— PROBLEM DESCRIPTION —
What are the lines from the one with "Market position of" through the end of the records below, written out exactly and without the pictures?

Short text fragments from websites:
────────

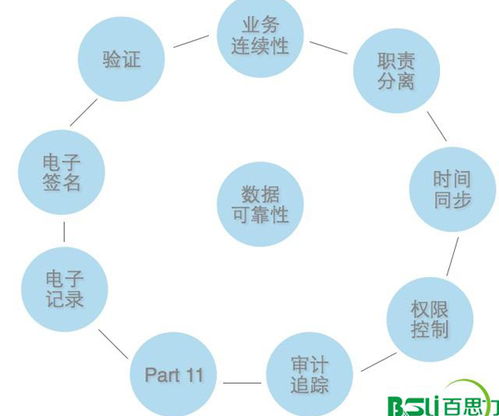 3q驗證咨詢中心優選企業,百思力認證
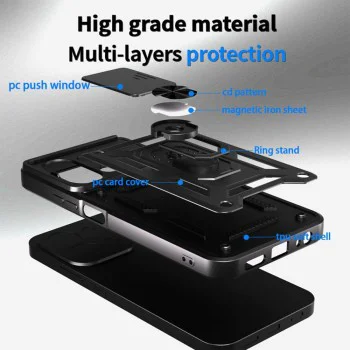 Калъф за Xiaomi Redmi 15C 4G / Redmi 15C 5G - Techsuit - серия CamShield - Черен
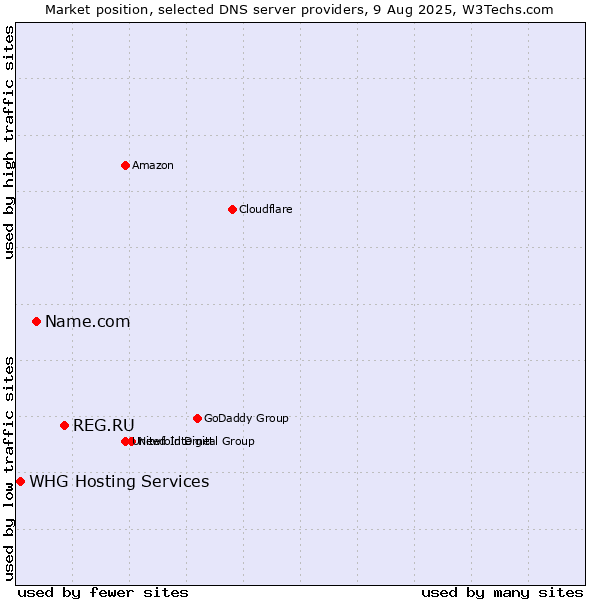 Market position of REG.RU vs. Name.com vs. WHG Hosting Services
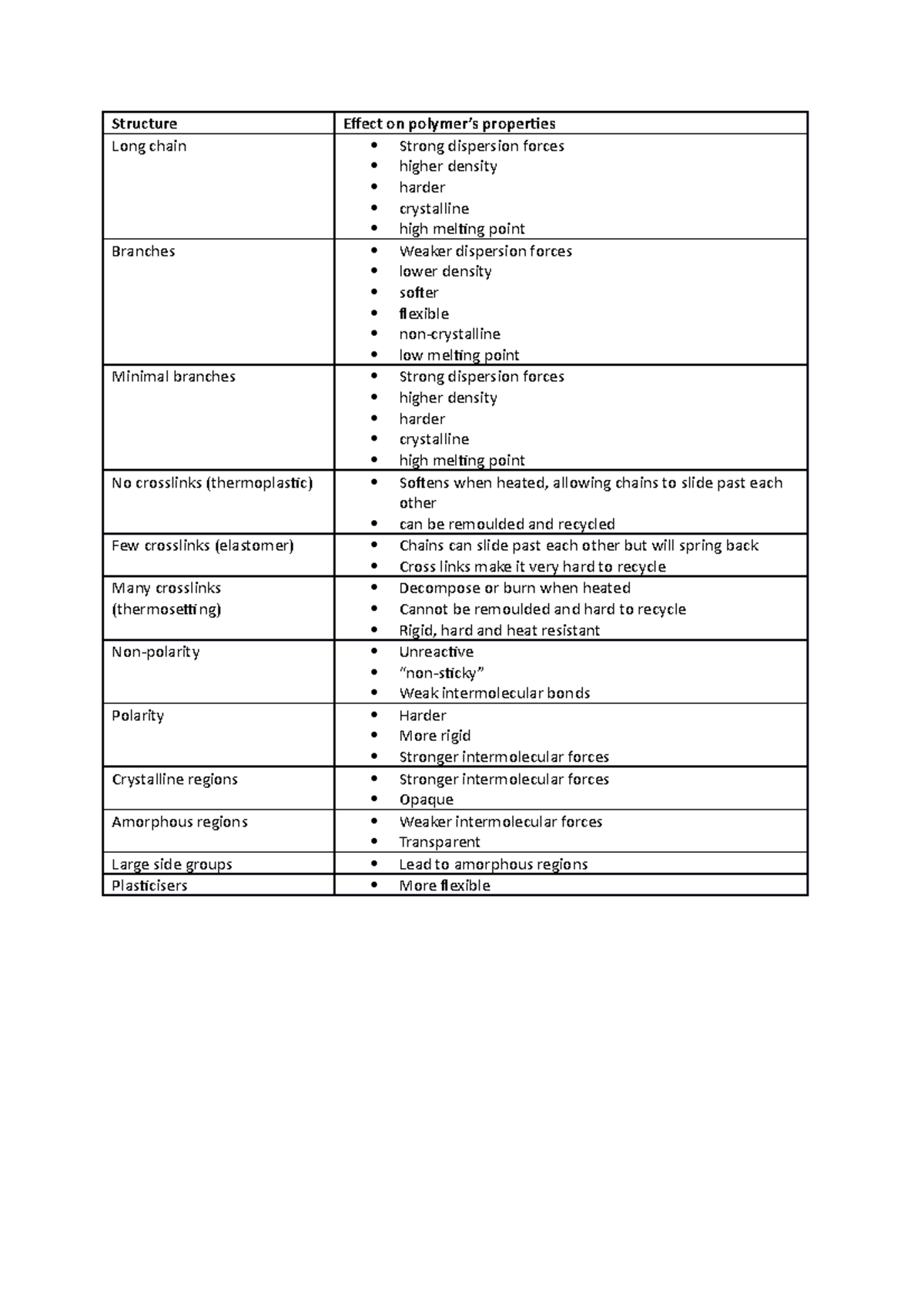 Polymer property table - Structure Effect on polymer’s properties Long ...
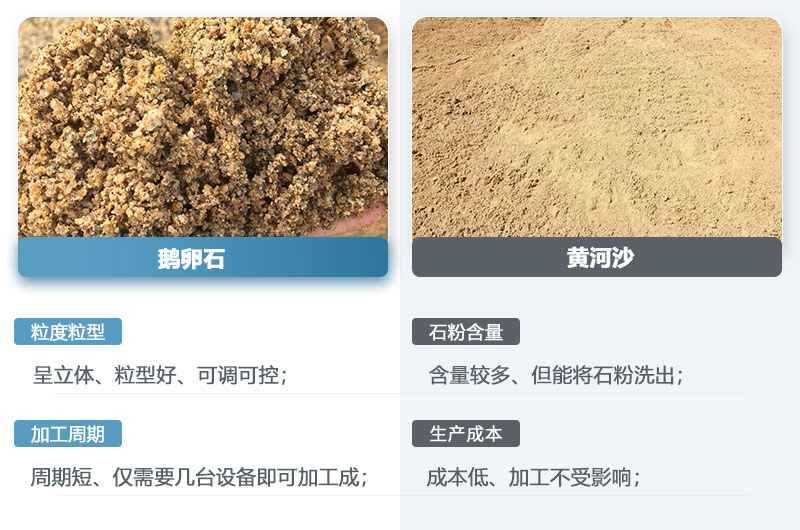 鵝卵石制的沙子和黃河沙一樣嗎？鵝卵石打成沙一噸成本多少？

────────

— EXERCISE SOLUTION —
 Market position of REG.RU vs. Name.com vs. WHG Hosting Services
 Polymer property table - Structure Effect on polymer’s properties Long ...
 鵝卵石制的沙子和黃河沙一樣嗎？鵝卵石打成沙一噸成本多少？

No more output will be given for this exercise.